Excellent insight into the nature and foolishness that is our overseas adventures. I intend to steal this as often as I can.

Wednesday, October 15, 2008

Sunk Costs

I suppose anyone reading this understands sunk costs. You own a factory with a machine that makes widgets at $2 per and you sell at three. Joe buys a new machine that makes them at $1 per and sells them at $2. You either get a similar machine or close, but your old machine is obsolete and you can only recover scrap costs. The costs are sunk, gone.

Ah, but the human condition is to say, I'll get a new machine as soon as I get back my money on the old. Dumb.

Our situation is similar to a friend of mine who owned a tanning salon that was losing money. She asked me if she should close it. I asked her if there were any prospect that profitability would happen. She said no. Obviously, my answer was get out now. Costs are sunk and would never be recovered.

So it is with Afghanistan. Put aside the fact that the concept of victory there as benefiting the US is debatable. The point is we can't win. Costs are sunk. Move on.

Don't believe me. As witness for the prosecution I give you Brigadier Mark Carleton-Smith, recently the senior British commander in Afghanistan. Your man said, a military victory over the Taleban was “neither feasible nor supportable”.

Of course he did blather on a bit with some positive spin,

Brigadier Carleton-Smith did suggest that the foreign troops need to stay longer: "If we reduce our expectations then I think realistically in the next three to five years we will be handing over tactical military responsibility to the Afghan army and in the next 10 years the bulk of responsibility for combating insurgency will be with them."

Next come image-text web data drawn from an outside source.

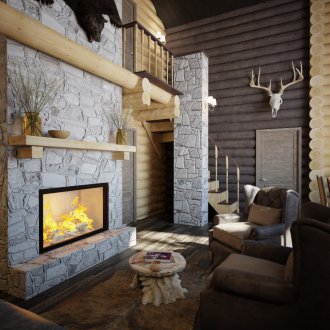 Καθιστικό στο στυλ ενός σαλέ στη χώρα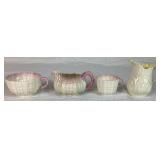 Antique Belleek Porcelain Triacna Pink Creamer, Tridacna Cups & Saucers (2 Sizes), Extra Shell Saucer and Lily White Creamer-Yellow Interior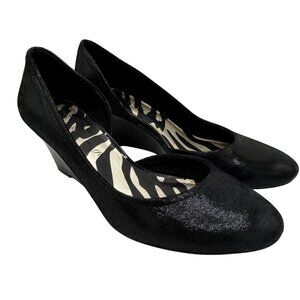 Anne Klein Iflex Black Wedge Textured Heels With Zebra Print Lining Sz 10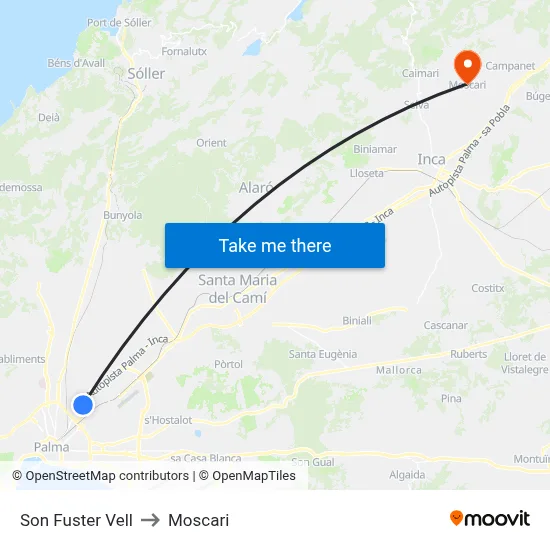 Son Fuster Vell to Moscari map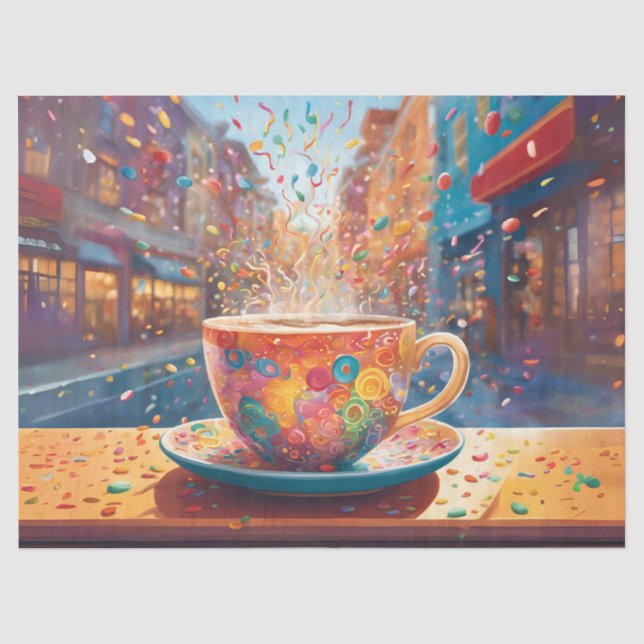 Papel De Seda Café Capricho Paisaje Urbano (Anverso)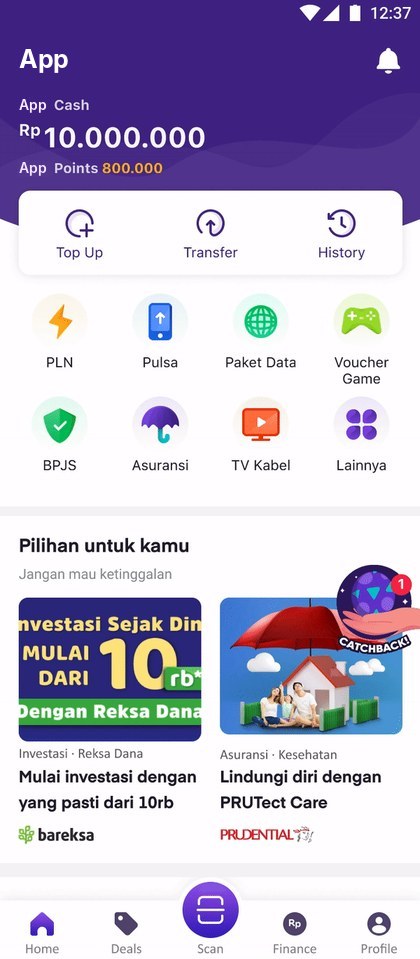 Home screen with the animated game icon and a red badge above the banners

Veteran military affairs reporter Gwynne Dyer begs to differ,

There are two things wrong with this argument.

One is the notion that Western countries are willing to take casualties in Afghanistan for another three, five or 10 years. The other is that the Afghan government is not getting stronger.


Yup, with our economic problems we shall have oodles of cash to throw in to Afghanistan and stay the course.

Mr. Dyer was not done.

In a recently leaked diplomatic cable, the deputy French ambassador in Kabul, Francois Fitou, reported that the British ambassador there, Sir Sherard Cowper-Coles, told him that the strategy for Afghanistan was "doomed to failure. In Sir Sherard's view, "the security situation is getting worse, so is corruption, and the government has lost all trust." The usual denials followed, but that is exactly what British officials there say in private.

Mr. Dyer finishes,

So it would make sense to announce a deadline for pulling out the foreign troops and start negotiating for a final peace settlement in Afghanistan now. Waiting is unlikely to produce a better deal. Which is probably why President Hamid Karzai said last week that he had asked the king of Saudi Arabia to mediate in negotiations with the Taliban.

Oh, that negotiation word. If the deadline is set, why do the Taliban need to negotiate at all.

In the words of Martin Mull, "It's too hard to say au revoir, let's just say hors d'œuvre."